_What needs to be done_. At the line containing "See the Hundred Ways of Trickery", begin setting down the entries exactly, and stop only after the last line.
++++++
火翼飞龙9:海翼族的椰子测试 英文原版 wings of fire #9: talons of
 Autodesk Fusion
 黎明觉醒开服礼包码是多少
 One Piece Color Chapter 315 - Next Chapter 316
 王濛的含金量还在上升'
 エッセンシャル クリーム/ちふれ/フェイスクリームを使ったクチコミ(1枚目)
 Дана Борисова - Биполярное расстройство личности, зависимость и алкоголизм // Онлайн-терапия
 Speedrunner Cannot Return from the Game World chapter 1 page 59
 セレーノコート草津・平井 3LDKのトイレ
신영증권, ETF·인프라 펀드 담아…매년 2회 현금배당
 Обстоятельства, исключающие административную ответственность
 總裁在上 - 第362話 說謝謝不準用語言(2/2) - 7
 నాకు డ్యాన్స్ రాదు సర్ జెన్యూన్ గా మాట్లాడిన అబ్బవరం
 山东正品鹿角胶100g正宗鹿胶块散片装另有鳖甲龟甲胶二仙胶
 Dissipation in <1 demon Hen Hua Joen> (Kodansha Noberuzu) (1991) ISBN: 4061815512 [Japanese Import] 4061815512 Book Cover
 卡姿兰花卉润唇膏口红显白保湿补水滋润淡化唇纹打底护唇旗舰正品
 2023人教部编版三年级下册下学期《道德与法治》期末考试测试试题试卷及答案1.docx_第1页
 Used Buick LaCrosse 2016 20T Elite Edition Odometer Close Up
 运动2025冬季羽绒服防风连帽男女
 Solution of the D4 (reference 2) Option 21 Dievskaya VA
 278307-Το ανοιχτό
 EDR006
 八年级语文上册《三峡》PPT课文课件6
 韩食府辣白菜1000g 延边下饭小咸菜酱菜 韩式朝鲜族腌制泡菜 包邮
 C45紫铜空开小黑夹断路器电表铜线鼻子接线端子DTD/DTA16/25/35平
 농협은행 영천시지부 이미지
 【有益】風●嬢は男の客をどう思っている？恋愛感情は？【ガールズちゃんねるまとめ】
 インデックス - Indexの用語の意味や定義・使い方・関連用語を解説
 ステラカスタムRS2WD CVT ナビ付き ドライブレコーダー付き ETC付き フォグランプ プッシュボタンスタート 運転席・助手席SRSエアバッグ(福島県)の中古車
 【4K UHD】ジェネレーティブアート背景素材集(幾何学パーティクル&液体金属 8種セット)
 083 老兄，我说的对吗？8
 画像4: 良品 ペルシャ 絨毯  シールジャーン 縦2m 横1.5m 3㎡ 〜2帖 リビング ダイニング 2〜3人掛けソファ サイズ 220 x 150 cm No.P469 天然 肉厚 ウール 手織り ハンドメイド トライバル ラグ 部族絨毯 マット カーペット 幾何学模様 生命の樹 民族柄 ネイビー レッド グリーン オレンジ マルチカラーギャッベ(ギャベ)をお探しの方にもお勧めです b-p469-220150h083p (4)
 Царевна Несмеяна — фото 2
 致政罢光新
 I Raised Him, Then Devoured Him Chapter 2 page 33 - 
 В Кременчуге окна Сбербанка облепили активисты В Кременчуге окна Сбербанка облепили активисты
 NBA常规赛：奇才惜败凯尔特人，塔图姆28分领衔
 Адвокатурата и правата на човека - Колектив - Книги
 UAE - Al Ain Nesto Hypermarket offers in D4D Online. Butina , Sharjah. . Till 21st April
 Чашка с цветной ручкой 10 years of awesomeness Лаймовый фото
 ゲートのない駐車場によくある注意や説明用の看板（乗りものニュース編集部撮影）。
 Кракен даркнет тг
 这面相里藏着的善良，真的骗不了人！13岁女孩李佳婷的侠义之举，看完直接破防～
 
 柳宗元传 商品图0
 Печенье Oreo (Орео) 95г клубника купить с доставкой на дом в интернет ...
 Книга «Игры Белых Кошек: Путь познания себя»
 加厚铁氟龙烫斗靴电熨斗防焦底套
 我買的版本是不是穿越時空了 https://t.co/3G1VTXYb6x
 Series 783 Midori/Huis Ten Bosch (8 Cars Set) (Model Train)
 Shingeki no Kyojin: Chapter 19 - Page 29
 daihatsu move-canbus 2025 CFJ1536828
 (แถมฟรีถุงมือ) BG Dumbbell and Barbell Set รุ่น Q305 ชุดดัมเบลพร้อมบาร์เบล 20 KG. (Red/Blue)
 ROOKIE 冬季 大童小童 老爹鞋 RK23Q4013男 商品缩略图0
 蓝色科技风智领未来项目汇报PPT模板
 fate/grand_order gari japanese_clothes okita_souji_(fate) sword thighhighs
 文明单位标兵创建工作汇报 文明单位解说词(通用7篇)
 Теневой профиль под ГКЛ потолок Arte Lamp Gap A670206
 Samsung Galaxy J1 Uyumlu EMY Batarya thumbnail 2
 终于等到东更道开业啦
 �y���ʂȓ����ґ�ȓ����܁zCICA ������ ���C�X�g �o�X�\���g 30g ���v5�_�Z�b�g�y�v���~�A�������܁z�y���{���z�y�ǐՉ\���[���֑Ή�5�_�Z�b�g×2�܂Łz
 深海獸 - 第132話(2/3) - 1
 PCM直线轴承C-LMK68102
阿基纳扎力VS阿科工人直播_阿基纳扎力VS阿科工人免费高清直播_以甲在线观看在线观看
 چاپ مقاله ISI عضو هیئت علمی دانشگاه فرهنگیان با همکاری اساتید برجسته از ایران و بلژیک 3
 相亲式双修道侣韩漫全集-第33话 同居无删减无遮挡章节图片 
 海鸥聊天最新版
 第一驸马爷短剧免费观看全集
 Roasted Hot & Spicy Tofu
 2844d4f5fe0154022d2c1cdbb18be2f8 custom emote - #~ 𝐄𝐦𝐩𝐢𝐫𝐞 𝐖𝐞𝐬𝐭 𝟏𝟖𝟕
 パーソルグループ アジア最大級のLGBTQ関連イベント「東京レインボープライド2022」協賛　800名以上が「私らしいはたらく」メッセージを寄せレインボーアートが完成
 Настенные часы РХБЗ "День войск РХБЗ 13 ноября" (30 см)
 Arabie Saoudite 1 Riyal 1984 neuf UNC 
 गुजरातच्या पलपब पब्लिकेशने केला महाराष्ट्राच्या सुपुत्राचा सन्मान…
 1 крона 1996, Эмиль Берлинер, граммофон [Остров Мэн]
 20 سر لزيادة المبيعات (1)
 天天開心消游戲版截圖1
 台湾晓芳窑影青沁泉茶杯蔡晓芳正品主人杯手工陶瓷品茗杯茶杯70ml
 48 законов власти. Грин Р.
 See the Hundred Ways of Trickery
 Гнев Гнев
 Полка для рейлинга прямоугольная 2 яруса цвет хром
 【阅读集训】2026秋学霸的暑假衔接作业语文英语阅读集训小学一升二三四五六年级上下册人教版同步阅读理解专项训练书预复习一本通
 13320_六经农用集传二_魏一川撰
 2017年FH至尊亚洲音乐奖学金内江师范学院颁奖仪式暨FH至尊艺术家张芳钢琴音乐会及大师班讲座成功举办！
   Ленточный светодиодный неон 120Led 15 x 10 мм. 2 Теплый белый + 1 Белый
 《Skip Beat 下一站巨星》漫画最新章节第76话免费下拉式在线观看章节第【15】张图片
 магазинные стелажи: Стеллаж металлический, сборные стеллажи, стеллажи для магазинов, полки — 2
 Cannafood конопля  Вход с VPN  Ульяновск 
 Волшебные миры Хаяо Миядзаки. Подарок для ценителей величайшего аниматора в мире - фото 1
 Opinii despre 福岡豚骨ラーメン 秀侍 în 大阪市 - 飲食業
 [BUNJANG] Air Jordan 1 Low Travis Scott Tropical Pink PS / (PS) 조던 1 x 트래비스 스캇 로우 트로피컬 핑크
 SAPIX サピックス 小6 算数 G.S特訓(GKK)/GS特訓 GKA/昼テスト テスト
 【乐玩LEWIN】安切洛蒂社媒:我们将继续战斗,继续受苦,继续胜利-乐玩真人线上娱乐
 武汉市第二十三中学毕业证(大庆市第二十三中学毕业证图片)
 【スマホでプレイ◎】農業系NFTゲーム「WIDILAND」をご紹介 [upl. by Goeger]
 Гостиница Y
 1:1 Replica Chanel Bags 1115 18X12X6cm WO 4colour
++++++
_Response box_.
 See the Hundred Ways of Trickery
 Гнев Гнев
 Полка для рейлинга прямоугольная 2 яруса цвет хром
 【阅读集训】2026秋学霸的暑假衔接作业语文英语阅读集训小学一升二三四五六年级上下册人教版同步阅读理解专项训练书预复习一本通
 13320_六经农用集传二_魏一川撰
 2017年FH至尊亚洲音乐奖学金内江师范学院颁奖仪式暨FH至尊艺术家张芳钢琴音乐会及大师班讲座成功举办！
   Ленточный светодиодный неон 120Led 15 x 10 мм. 2 Теплый белый + 1 Белый
 《Skip Beat 下一站巨星》漫画最新章节第76话免费下拉式在线观看章节第【15】张图片
 магазинные стелажи: Стеллаж металлический, сборные стеллажи, стеллажи для магазинов, полки — 2
 Cannafood конопля  Вход с VPN  Ульяновск 
 Волшебные миры Хаяо Миядзаки. Подарок для ценителей величайшего аниматора в мире - фото 1
 Opinii despre 福岡豚骨ラーメン 秀侍 în 大阪市 - 飲食業
 [BUNJANG] Air Jordan 1 Low Travis Scott Tropical Pink PS / (PS) 조던 1 x 트래비스 스캇 로우 트로피컬 핑크
 SAPIX サピックス 小6 算数 G.S特訓(GKK)/GS特訓 GKA/昼テスト テスト
 【乐玩LEWIN】安切洛蒂社媒:我们将继续战斗,继续受苦,继续胜利-乐玩真人线上娱乐
 武汉市第二十三中学毕业证(大庆市第二十三中学毕业证图片)
 【スマホでプレイ◎】農業系NFTゲーム「WIDILAND」をご紹介 [upl. by Goeger]
 Гостиница Y
 1:1 Replica Chanel Bags 1115 18X12X6cm WO 4colour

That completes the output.